Does any one know when to take the RNA digestion plots seriously. On
hgu133a arrays, these plots always seem to incline from 5' to 3'. Is
there
a certain slope value that sets the good and bad apart?
Thank you
RNA plots are something I have also been looking at, but all the
datasets I have access to can be characterised as "good". Can anyone
supply a (anonymous?) "cel" file of any persuasion that is known to
have
been used with degraded RNA? On larger arrays, I do see a slight
slope,
but not any "rolloff" which I think would represent degradation.

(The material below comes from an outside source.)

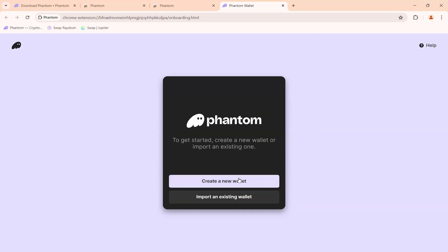Next, if you do not have any wallets yet, click on the button that says 'Create a new wallet.'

At the present time, I add a "typical" CELfile from another project
that
seems good and adding that to the current affybatch and running the
plots. Currently, they track very well across projects (especially if
normalised) - so a sample "bad one" would be nice just to see what it
looks like!
I have put four plots up at "http://wdk.dyndns.org/rna/rnadeg.html".
The red and black traces represent samples that I was informed "might"
have been questionable, but they did pass affy's check criteria, the
green trace is from an experiment that was considered good.
BillK
On Thu, 2003-11-20 at 13:27, Kevin Dawson wrote:
> Does any one know when to take the RNA digestion plots seriously. On
> hgu133a arrays, these plots always seem to incline from 5' to 3'. Is
there
> a certain slope value that sets the good and bad apart?
>
> Thank you
>
> _______________________________________________
> Bioconductor mailing list
> Bioconductor@stat.math.ethz.ch
> https://www.stat.math.ethz.ch/mailman/listinfo/bioconductor
Hi William
The RNA plots on your site look great to me. I routinely work with
tumour
clinical RNA and the slopes are significantly larger than yours even
if the
quality of starting RNA appears to be good. You see, RNA quality
control
relies heavily on ribosomal RNA quality (peaks). However, I have had
samples
with great ribosomal peaks that actually produce RNAdeg plots with a
significant slope 5' to 3'. Its the state of the mRNA that counts and
that
seems to be more sensitive to degradation than the ribosomal one. I
would be
very happy working with the ones you show on your site.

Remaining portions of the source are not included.